Each of these measures polled well individually, but the reform was less popular than the sum of its parts. During the campaign, Renzi promised that he would resign as prime minister if the reforms were rejected. This gave voters who were disappointed with his government a reason to vote against the proposals.
According to one poll, almost 60 percent of voters said that they would base their vote on their evaluation of the government rather than their evaluation of the reform.
High turnout didn’t help the government
Turnout was relatively high in the referendum: 68.5 percent of voters in Italy (and 30.7 percent of Italians abroad) voted. This is higher than turnout in the two most recent previous constitutional referendums, in 2001 (34 percent) and 2006 (52 percent), and higher than expected. Not all polls asked about turnout, but recent polls which did suggested turnout would be about 55 percent.
The government had suggested that high turnout would help the Yes campaign. They argued that support for No was loud but shallow. This argument was also made about support for Brexit in the United Kingdom’s referendum earlier this year, and, just as in the United Kingdom, higher turnout merely meant greater rejection of the government.
The polls did badly again, but will escape criticism
Polls conducted earlier in the campaign (Italy bans the publication of polls in the two weeks preceding elections) had estimated support for No at about 55 percent. In the days before the referendum, there were rumors of private polls that showed a tightening of the race. The polls therefore underestimated the strength of the No campaign by five percentage points or more.
The exit polls also overestimated support for Yes, but not by so much. However, because both the campaign polls and the exit polls correctly identified the “winner” of the referendum, there is not likely to be a polling inquest of the kind seen in other countries.
The geography of the vote was driven by party loyalty
The areas that voted in favor of the reforms were more or less the areas that would have been expected to vote in favor — areas that tended already to support either Renzi’s party or the various other centrist parties that both supported the Renzi government and the proposed reforms.
The graph below shows the relationship between the Yes vote in the referendum and the share of the vote won by Renzi’s party in the 2013 general elections. (I’ve excluded two regions with slightly different party systems — Trentino-Alto Adige and Valle d’Aosta).
(The Democratic Party’s vote in 2013 and the Yes vote in 2016)
The relationship would be stronger if we were to compare the results with the results of the 2014 European Parliament elections. In that election, Renzi won 40.8 percent of the vote. In this referendum, the Yes campaign won 40.9 percent of the vote. While winning more than two-fifths of voters was considered a remarkable result in the European Parliament election, it is not enough to win a referendum if many of the other parties are able to pool their forces in opposing reform.

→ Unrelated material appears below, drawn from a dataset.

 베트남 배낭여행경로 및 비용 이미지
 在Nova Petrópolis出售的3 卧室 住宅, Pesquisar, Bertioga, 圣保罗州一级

There probably won’t be elections anytime soon
Italian President Sergio Mattarella is not obliged to accept Renzi’s resignation. He may therefore seek to postpone Renzi’s resignation until a caretaker prime minister can be found.
An interim prime minister probably would receive the support of the current governing coalition, which includes Renzi’s own center-left Democratic Party as well as splinters of the center-right. The most immediate area of concern for an incoming prime minister will be the Italian banking sector. One troubled bank, Monte dei Paschi di Siena, will try to raise extra capital despite the political headwinds against it.
It is not clear how long an interim prime minister would last. One argument against the constitutional reforms did not concern the content of the reforms themselves, but rather a proposed change to the electoral law, which would have guaranteed a parliamentary majority to the party that won a top-two runoff. Some commentators viewed this reform as potentially dangerous, because polls had indicated that the populist Five Star Movement might win a runoff against Renzi’s Democratic Party. Now that the constitutional reforms have been defeated, we may well see a further change to the electoral laws governing elections not just to the Chamber of Deputies, but also to the still-intact Senate.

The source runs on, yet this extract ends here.